- [WHAT IS EXPECTED]: The answer must be an exact copy of the lines from the one containing "JDM-179 Dakar Rally" through the last line of the records, with the pictures left out.

- [LISTED RECORDS]:
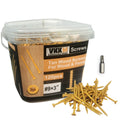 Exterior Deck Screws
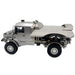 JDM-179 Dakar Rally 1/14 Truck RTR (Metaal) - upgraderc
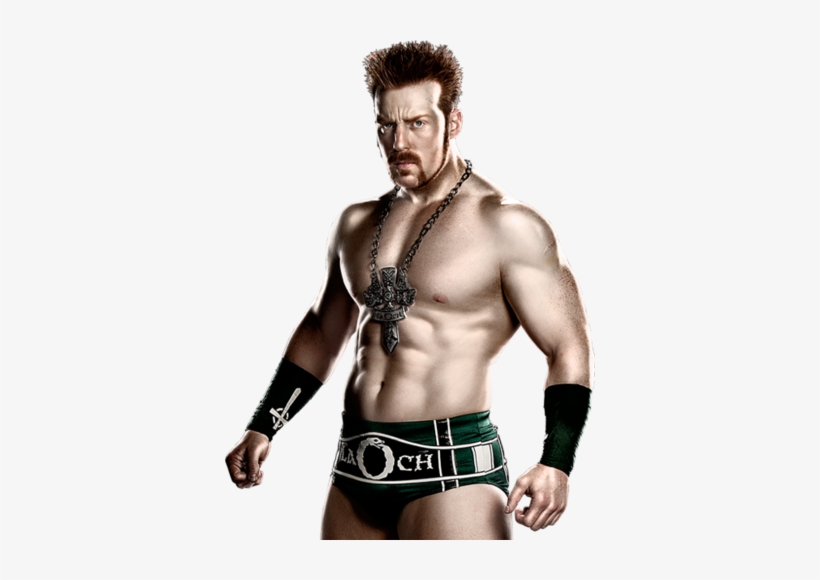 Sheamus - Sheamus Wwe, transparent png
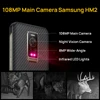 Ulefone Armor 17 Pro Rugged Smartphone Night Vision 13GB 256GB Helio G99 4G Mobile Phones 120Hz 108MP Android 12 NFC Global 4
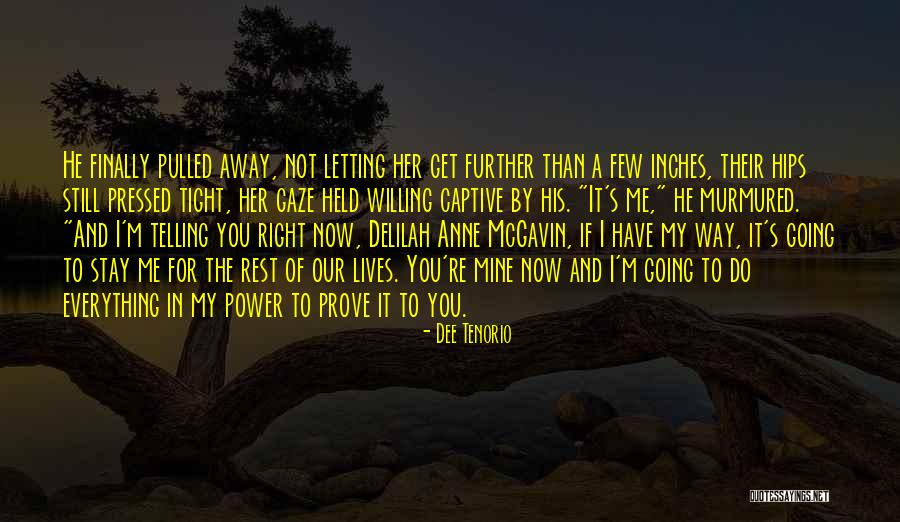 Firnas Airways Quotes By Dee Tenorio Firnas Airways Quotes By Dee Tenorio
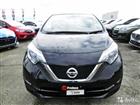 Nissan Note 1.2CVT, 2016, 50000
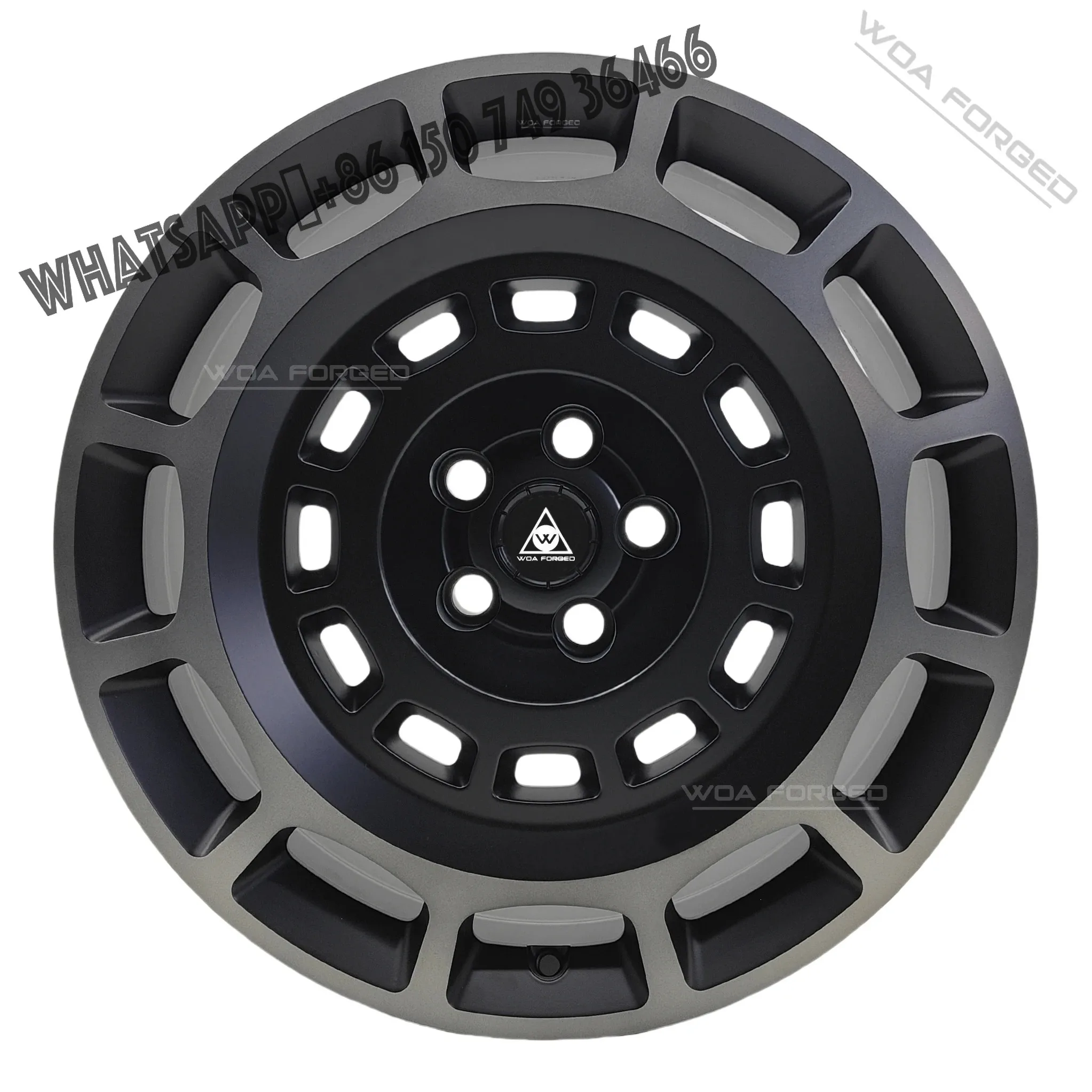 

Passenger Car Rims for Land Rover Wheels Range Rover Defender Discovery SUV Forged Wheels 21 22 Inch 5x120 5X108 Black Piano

- [ANSWER FOR THE TASK]:
 JDM-179 Dakar Rally 1/14 Truck RTR (Metaal) - upgraderc
 Sheamus - Sheamus Wwe, transparent png
 Ulefone Armor 17 Pro Rugged Smartphone Night Vision 13GB 256GB Helio G99 4G Mobile Phones 120Hz 108MP Android 12 NFC Global 4
 Firnas Airways Quotes By Dee Tenorio Firnas Airways Quotes By Dee Tenorio
 Nissan Note 1.2CVT, 2016, 50000

Passenger Car Rims for Land Rover Wheels Range Rover Defender Discovery SUV Forged Wheels 21 22 Inch 5x120 5X108 Black Piano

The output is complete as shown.